The Design Expo had a few points of note. Much of what was being shown was, in my humble opinion, gimmicky and not worth much attention. But some of it was worth your attention. The demonstration of the spherical Surface prototype was primitive but promising, and an obvious extension of MSFT's aim to make every surface around us smart. They proved that with the Home of the Future tour. Apparently, in the future, you won't have a computer in your house. Your house will be a computer, with every wall, table, and cabinet a point of input and output, wired into the omnicient Web. Privacy watchdogs will love that one.
Home of the Future tour. The wall has a display visible through the paint, thus, your wall is a display. They got mad at me for taking a picture. I figured it would be easier to get forgiveness than permission.
But I digress. The Sphere Surface was interesting, though not exactly a game-changer for the computing industry (yet).
It dawned on me after I left the Expo that I'd seen the car they used to get 360* shots of Seattle for the Sphere demo. Saw it driving to work one day.
Another interesting project was a student and professor demonstrating their use of an augmented reality system. They had rigged a Sony UMPC to automatically classify plants in the wilderness. The process may take weeks using conventional classification tools (i.e. take a sample back to the library). It was a readily understood use, but there are countless others. It's a subject I've given way too much thought to, and I'm convinced A.R. is a huge industry waiting to happen. Mark my words.
They tried to show some of the other capabilities of the system, how it could visualize information and display it immediatly over your normal field of vision, integrated with the scene. A woman watching asked, "Well...what do you use it for?"
I was flabbergasted. I shouldn't be, I know I'm an early adopter where most people aren't. But that she couldn't see the potential of something like this caught me off guard. I wanted to say,
"What good are computing machines? The slide rule has always proved a trusty companion. Heck, long as I've got my abacus handy, that'll do just fine! Sign my anti-progress parchment, and I'll mimeograph some duplicates and we'll Pony Express these babies far and wide!"But I bit my tongue.
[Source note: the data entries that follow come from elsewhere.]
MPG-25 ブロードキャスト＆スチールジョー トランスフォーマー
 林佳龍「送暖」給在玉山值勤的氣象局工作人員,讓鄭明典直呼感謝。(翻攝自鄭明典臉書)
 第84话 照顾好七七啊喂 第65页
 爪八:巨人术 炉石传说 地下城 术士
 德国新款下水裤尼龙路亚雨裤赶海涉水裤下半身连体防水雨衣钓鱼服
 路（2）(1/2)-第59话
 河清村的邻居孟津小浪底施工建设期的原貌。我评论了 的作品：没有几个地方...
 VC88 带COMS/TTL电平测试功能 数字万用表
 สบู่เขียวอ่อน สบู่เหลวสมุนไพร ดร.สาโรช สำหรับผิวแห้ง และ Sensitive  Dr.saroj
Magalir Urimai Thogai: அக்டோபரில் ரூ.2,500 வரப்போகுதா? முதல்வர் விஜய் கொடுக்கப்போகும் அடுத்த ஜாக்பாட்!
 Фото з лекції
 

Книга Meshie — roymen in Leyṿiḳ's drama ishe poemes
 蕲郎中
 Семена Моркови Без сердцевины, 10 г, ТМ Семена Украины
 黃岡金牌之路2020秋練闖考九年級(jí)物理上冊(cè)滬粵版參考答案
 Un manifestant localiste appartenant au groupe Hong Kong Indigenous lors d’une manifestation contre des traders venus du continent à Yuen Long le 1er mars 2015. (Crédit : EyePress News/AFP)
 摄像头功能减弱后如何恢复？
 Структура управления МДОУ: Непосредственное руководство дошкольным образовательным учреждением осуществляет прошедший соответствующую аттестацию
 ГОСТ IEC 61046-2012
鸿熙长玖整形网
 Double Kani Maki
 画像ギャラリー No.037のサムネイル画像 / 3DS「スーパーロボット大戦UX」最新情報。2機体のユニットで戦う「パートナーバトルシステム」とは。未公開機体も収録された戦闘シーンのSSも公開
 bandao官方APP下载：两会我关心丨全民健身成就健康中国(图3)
I chatted for a while with the researcher heading up the project. Through phrases like "In the early 90's when we started all this..." it was clear he'd been doing this for a long time. We were a couple A.R. evangelists lamenting the worlds' failure to accept the future. He said the only reason you don't see this technology everywhere is A) Nobody has set up a business plan for it, so B) Nobody invests in it. I told him I'd work on the business plan. He (understandably) laughed a little, but I wasn't kidding.
I searched around when I got back to my office and found that I'd been talking to Dr. Steven K. Feiner, who, so far as I can tell, is one of if not the leader in the field of augmented reality.
There were a number of other projects there, but my time is limited. Before I left, I got to see my friend Anthony present his project from a class at UW. His group did a great job, and won an award (best concept? I can't remember).
As an aside, I'm officially no longer satisfied with my phone's camera. It's past time to upgrade. Maybe I should start working on an A.R. headset to replace my phone, glasses, GPS, camera, and mobile web connection.